--- Exercise ---
Retype the data below exactly; skip every image.

--- Supplied material ---
•••••

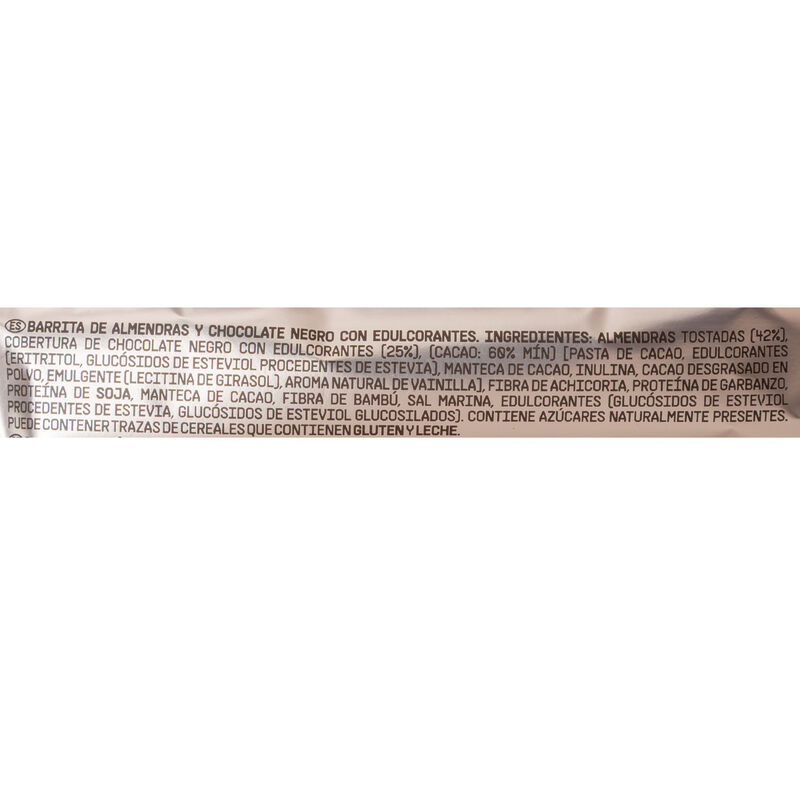 Barrita de almendra y chocolate Plesh 30g 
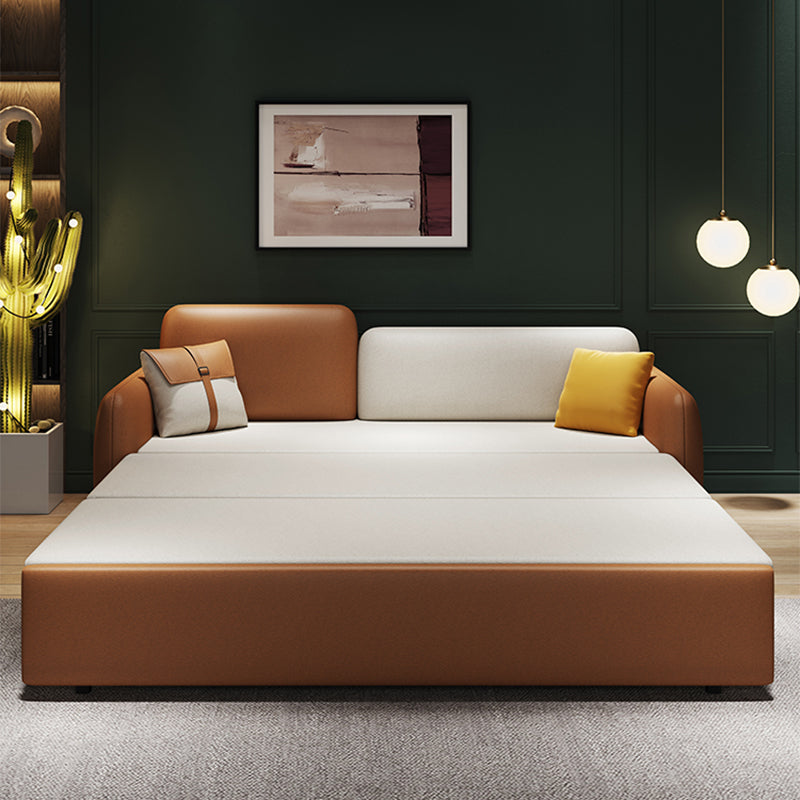 Bonded Leather Sofa Futon Contemporary Futon Sleeper Sofa Bed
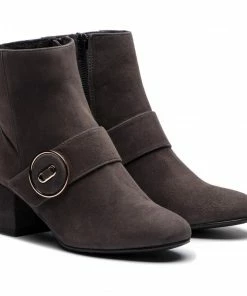 Boots SAGAN - 3245 Szary Welur -shoes guess-shop 0000200758367 02 ab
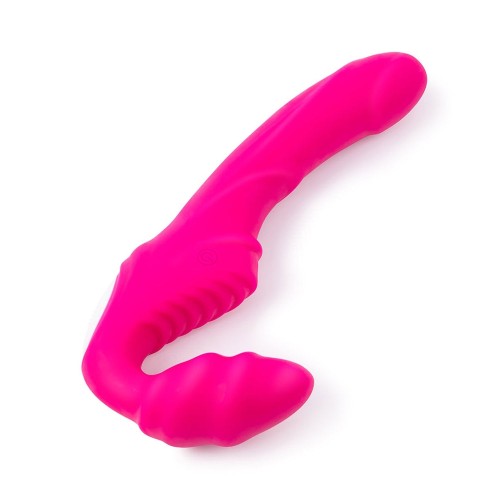 Pink Strapless Vibrator with Remote Control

•••••

--- Answer box ---
 Barrita de almendra y chocolate Plesh 30g 
 Bonded Leather Sofa Futon Contemporary Futon Sleeper Sofa Bed
 Boots SAGAN - 3245 Szary Welur -shoes guess-shop 0000200758367 02 ab
 Pink Strapless Vibrator with Remote Control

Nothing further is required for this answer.